No, this is totally normal. He's not even a semester into the year yet! BFFs are made in a few weeks. |
My mom sent me a huge birthday cake, which forced me to invite everyone to my room to eat it. |
My son is going through the same thing. He put himself out there and thought he’d connected with some kids in his orientation group, but discovered one of them lied to him about his plans to go to the football game their first weekend on campus. Said he wasn’t going to go and then DS saw him walking with a group of guys and the kid turned the other way to pretend like he didn’t see DS. I think DS is lonely and it makes me so sad for him. |
So is he picky about friends, wants to be in a cool group or is he the type of kid that is happy being friends with lots of different types and groups? I guarantee he’s not the only kid alone on the weekends. |
Go, mom, that's great! |
I felt that way all of freshman year and then it got better sophomore year and then I met my now husband junior year. Senior year was amazing.

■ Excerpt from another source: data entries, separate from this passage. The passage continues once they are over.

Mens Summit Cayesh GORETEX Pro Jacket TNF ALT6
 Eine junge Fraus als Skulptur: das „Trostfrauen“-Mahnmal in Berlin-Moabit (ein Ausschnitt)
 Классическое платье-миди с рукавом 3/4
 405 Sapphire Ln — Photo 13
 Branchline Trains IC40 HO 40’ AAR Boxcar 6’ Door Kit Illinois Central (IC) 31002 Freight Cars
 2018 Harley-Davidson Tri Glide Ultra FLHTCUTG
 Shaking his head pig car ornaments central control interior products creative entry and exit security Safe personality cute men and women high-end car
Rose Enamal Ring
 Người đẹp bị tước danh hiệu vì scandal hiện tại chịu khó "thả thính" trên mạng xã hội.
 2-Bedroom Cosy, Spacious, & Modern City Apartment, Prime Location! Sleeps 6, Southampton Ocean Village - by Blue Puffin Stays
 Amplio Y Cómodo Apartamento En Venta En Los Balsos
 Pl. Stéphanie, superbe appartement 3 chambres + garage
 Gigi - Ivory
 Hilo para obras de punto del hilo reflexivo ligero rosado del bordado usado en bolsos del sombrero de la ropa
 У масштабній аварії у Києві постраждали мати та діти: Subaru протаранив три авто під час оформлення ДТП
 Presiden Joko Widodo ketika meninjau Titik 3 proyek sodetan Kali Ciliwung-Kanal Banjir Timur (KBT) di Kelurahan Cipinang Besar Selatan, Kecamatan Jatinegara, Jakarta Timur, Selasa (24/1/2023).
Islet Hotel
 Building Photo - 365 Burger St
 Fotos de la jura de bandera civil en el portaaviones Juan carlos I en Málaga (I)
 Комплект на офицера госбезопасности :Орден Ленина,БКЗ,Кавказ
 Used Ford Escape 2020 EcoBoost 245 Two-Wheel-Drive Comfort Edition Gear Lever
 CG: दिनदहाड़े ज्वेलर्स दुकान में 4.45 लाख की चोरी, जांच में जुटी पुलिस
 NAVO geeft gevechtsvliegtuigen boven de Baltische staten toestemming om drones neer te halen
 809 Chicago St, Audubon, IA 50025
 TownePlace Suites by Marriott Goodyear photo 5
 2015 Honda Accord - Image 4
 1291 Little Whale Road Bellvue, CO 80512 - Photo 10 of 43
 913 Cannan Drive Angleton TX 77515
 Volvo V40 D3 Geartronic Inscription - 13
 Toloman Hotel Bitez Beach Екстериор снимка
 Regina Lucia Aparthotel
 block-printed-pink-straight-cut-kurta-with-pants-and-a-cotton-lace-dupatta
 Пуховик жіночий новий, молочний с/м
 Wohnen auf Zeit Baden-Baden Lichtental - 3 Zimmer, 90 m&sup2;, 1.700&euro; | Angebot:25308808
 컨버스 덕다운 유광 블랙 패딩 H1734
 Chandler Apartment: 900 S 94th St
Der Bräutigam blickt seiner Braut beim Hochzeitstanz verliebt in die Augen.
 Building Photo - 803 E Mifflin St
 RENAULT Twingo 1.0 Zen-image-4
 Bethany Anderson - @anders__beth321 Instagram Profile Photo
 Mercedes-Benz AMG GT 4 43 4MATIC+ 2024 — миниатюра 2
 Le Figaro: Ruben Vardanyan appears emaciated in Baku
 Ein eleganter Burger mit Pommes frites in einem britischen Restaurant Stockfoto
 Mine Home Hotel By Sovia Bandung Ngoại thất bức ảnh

I got a job and that helped—it was a place I HAD to be unlike a club where I could avoid it if I was feeling introverted. He could get a job or commit to a volunteer gig. I bet he’ll make friends that way |
So many go through this. Most, maybe. It takes time. I’m sorry he’s so far away. It helps to be able to come home and get a different perspective on it. My youngest applied to schools far and wide, but the best deal was 2 hrs away. In her second year and she just said to me recently, “I’m so glad I’m close enough to come home if I want to take a break.”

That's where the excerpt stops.